Dans ce contexte, ce 25 avril, les parlementaires ont très largement adopté – avec 429 voix pour sur 504 votants – une résolution pour appeler à davantage de fermeté face aux ingérences. Le texte, non-contraignant, demande notamment l’ouverture immédiate d’une « enquête interne approfondie afin d’évaluer tous les cas possibles d’ingérence étrangère de la part de la Russie et d’autres pays au Parlement européen ». À un peu plus d’un mois des élections européennes, les parlementaires soulignent l’urgence de prendre de telles mesures, pour « garantir la pleine intégrité » du scrutin.
Le Rassemblement national pointé du doigt
Car avant l’influence chinoise, le Parlement européen a récemment été marqué par un scandale impliquant la Russie.

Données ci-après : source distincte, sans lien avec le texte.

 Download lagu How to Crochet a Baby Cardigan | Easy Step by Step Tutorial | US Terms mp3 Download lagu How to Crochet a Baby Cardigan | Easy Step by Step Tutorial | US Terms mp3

Une enquête, lancée par les services de renseignements de République tchèque, a en effet mis au jour un vaste réseau pro-russe visant à influencer le résultat des élections européennes. À la base de celui-ci, le site d’information Voice of Europe, financé par un proche de Vladimir Poutine, communiquait avec des politiques européens et a invité plusieurs parlementaires d’extrême-droite pour répondre à des interviews. Selon la justice belge, qui a depuis ouvert une enquête, plusieurs élus auraient été directement rémunérés par la Russie pour diffuser cette propagande.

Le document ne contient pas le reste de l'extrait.